Per converso, gli unici due veri problemi da valutare sono il costo del telo pacciamante e soprattutto il suo smaltimento, nel caso di adozione di materiali plastici tradizionali (in polietilene, PE), specie se imbrattati di prodotti fitosanitari e/o di terra. Da qualche tempo sono comparsi sul mercato nuovi teli biodegradabili in Mater-Bi, un materiale a base di amido di mais, che si decompone completamente in 3-14 mesi, sostanzialmente in relazione alla temperatura, all’umidità e all’attività microbica del terreno, nonché ovviamente allo spessore del film.

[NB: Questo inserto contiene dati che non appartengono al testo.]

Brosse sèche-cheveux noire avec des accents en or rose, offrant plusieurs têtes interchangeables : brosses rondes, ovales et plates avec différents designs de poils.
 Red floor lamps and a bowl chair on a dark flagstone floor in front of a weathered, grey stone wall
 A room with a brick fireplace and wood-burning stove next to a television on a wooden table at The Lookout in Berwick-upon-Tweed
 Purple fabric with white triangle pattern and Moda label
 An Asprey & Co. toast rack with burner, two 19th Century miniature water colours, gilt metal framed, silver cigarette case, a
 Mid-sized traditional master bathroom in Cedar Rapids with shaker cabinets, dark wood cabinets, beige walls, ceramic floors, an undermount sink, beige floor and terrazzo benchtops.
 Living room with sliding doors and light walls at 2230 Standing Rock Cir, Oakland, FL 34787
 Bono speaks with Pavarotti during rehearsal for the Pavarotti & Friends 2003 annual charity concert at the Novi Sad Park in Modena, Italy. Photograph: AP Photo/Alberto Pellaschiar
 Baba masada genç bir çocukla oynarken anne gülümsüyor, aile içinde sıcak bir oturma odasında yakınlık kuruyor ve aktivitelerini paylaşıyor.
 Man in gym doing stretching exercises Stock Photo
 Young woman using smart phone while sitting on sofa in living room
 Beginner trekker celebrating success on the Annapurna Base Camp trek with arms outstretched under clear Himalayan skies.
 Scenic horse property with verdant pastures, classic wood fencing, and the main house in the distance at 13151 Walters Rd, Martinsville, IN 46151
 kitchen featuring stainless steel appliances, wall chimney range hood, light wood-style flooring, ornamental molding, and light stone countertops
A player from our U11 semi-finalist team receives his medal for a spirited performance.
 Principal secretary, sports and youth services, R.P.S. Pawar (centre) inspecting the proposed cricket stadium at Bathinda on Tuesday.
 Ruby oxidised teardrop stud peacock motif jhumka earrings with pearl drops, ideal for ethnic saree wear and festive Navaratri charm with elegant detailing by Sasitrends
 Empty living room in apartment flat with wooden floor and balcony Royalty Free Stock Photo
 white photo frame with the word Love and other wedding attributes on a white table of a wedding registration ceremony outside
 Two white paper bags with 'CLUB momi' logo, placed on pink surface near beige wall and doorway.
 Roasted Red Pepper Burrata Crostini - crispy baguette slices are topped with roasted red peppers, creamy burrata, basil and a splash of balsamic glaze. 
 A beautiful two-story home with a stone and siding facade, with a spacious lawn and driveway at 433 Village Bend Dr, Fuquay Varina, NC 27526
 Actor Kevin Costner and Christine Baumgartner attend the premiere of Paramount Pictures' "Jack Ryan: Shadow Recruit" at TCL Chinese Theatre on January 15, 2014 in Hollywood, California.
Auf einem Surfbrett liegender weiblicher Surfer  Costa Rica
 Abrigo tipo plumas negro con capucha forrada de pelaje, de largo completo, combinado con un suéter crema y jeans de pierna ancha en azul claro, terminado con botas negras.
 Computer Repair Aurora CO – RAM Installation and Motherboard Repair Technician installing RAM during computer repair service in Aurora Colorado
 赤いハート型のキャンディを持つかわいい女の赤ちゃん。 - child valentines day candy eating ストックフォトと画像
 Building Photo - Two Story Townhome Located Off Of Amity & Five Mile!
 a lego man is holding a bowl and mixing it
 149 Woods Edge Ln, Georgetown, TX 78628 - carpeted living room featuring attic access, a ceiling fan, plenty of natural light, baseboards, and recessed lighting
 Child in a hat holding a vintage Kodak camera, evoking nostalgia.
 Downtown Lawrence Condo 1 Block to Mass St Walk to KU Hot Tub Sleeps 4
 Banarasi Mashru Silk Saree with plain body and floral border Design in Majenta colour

Il telo è generalmente colorato in nero, verde, marrone o bianco, con composti studiati appositamente per non influire in alcun modo sulla degradazione del prodotto. è caratterizzato dalla medesima resistenza, elasticità ed efficacia dei film in PE.

Le caratteristiche fisiche ne consentono la posa con le usuali macchine per il trapianto, con l’unica avvertenza di diminuire la tensione in fase di stesura. Anche per la foratura necessaria alla deposizione nel terreno delle piantine non sono richie­ste attenzioni particolari. I costi del film biodegradabile sono sostanzialmente equiparabili a quelli del telo tradizionale, tenendo anche conto che sono azzerati gli oneri per il suo smaltimento.

BOX: Anche con cingoli in gomma

La Checchi & Magli di Budrio (BO) commercializza la Rio 31, una trapiantatrice semovente configurabile da 1 a 8 file azionata da un motore diesel Yanmar da 31 Cv; in virtù della sua ampia versati­lità può essere considerata come un’utility polivalente a trazione idrostatica.

Una delle particolarità di questo modello è che anziché con ruote pneumatiche è equipaggiato con cingoli in gomma da 250 mm di larghezza; ciò comporta diversi vantaggi, tra cui un minor compattamento del soffice letto di semina, grazie alla più ampia area d’appoggio dei cingoli rispetto agli pneumatici.

Inoltre, unitamente alla notevole stabilità conferita dal baricentro molto basso, il miglior grip dei cingoli permette un efficace traslazione della trapiantatrice anche su terreni fino al 60% di pendenza, sia longitudinale che trasversale, senza slittamenti né sbandamenti laterali.